Batting average on pitches in the strike zone zone: .296 (sixth best in MLB), up from .265 (sixth-worst in MLB in 2022)

Overall swing-and-miss rate: 24.2 percent, down from 26.9 percent.

Games with at least six runs scored: 35 (with 25 games left to play), compared to 31 last season

Games with one or zero runs scored: 24 (with 25 games left to play), compared to 38 last season.

But despite the improvements, the Marlins still have plenty of room to improve. The Marlins have hit into the most double plays of any team in baseball (135, 17 more than the second-place Atlanta Braves) and are among the bottom third of the league with runners in scoring position (.245 average, .691 OPS). Since the All-Star Break, their situational hitting has gone into a tailspin, with the team hitting just .199 with runners in scoring position in the second half of the season.

Brown mentioned two specific areas where he still sees the team needing to make significant strides.
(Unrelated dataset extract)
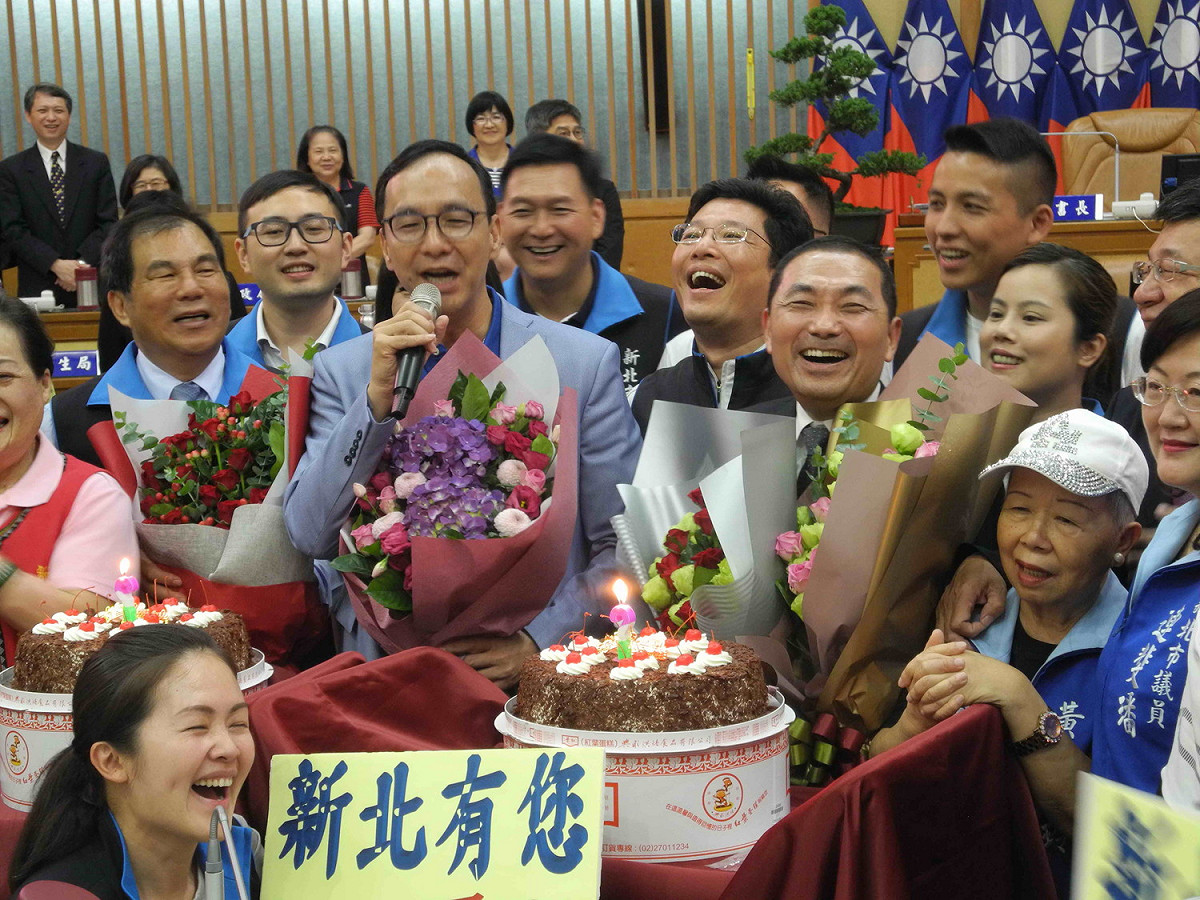 前新北市長朱立倫與市長侯友宜都是6月7日生日，新北市議會國民黨團在議會為兩人慶生，朱自評他與侯最大特點「非常怕老婆」。 圖：王峻昌/攝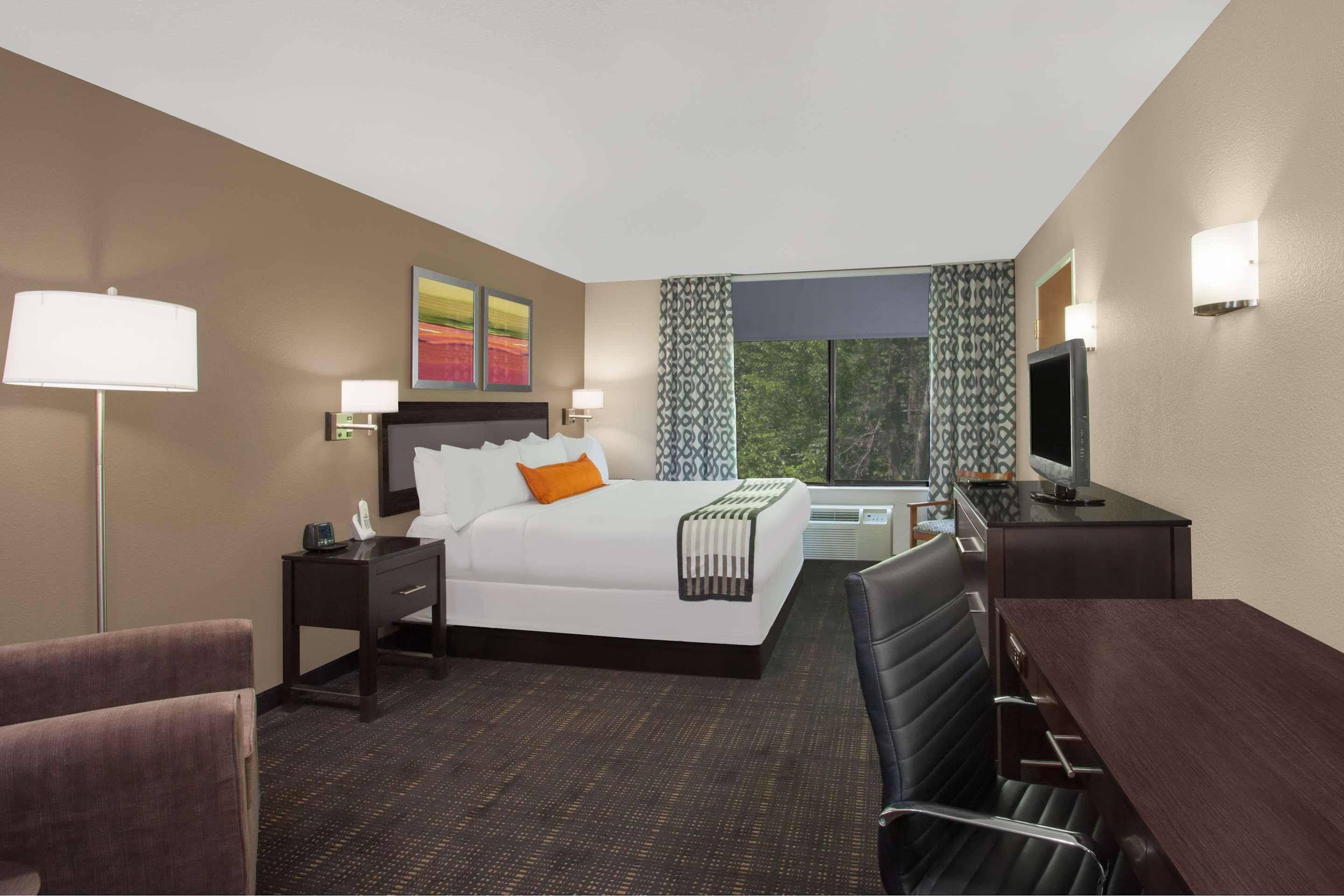 Wingate By Wyndham Columbia Hotell Exteriör bild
First, it’s OK to have productive outs. Success isn’t always defined by a base hit if the hit doesn’t drive in a run.

“Understand what the game is calling for,” Brown said. “It’s OK with the infield back, a runner on third and less than two outs to just ground out.”
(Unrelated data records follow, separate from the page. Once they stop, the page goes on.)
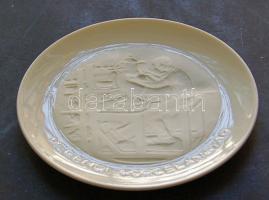 Herendi jelzéssel ellátott porcelán fali dísztál, fény felé tartva láthatóvá válik a mintája / Heren...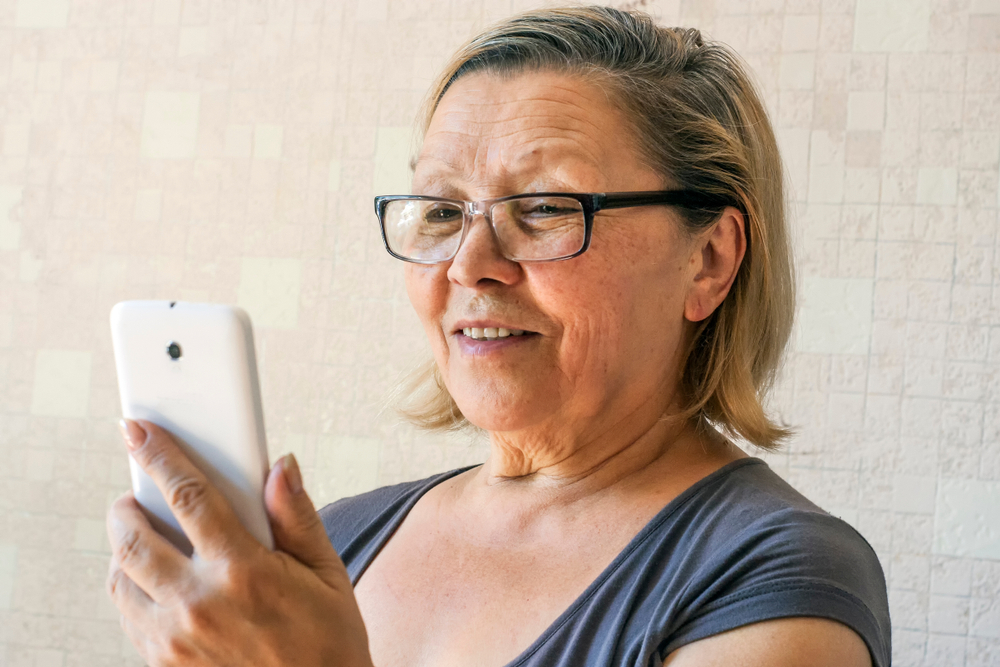 Prova de vida digital é ampliada para aposentados e pensionistas do INSS | Foto: Annashou/Shutterstock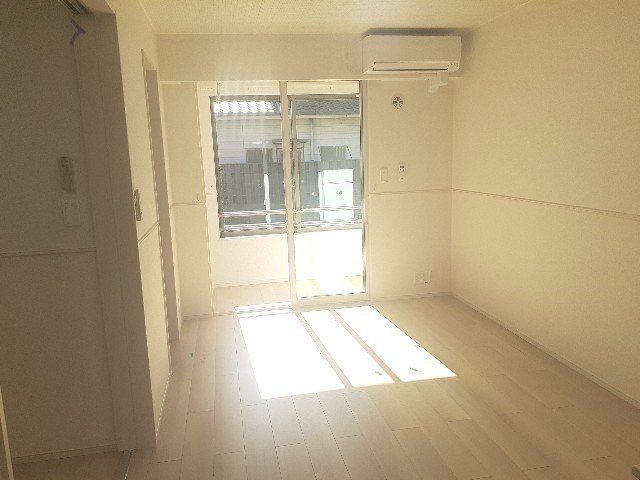 居室・リビング　エアコン付き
Second, it’s OK to draw walks. The Marlins are walking at just a 6.9-percent clip this season, down from 7.3 percent last season.

“We have to learn how to like walks,” Brown said. “We just don’t like to walk. We put the ball in play and we don’t strike out as much. Last year, it was high-strikeout and no walk. We’ve hit into more double plays because of the contact rate, but if we don’t get hits, we don’t win because we don’t walk. The minute we can start looking over a baseball and understanding that all pitches aren’t created equal and pitchers don’t always throw a strike with a 3-2 count, we can get on base via the walk.”

The Marlins saw glimpses of what went right for them in the first half in their four games against the Nationals. They scored 31 runs and logged 50 hits — including 14 extra-base hits — over the course of the series.

“Hitting and winning are contagious,” Brown said. “I think the biggest thing we talked about is don’t worry about the future and the playoffs. We play better when we execute. We’re energetic. We’re loud. We’re a little bit crazy. That was one of the messages. Just be loose, be loud and do your job.”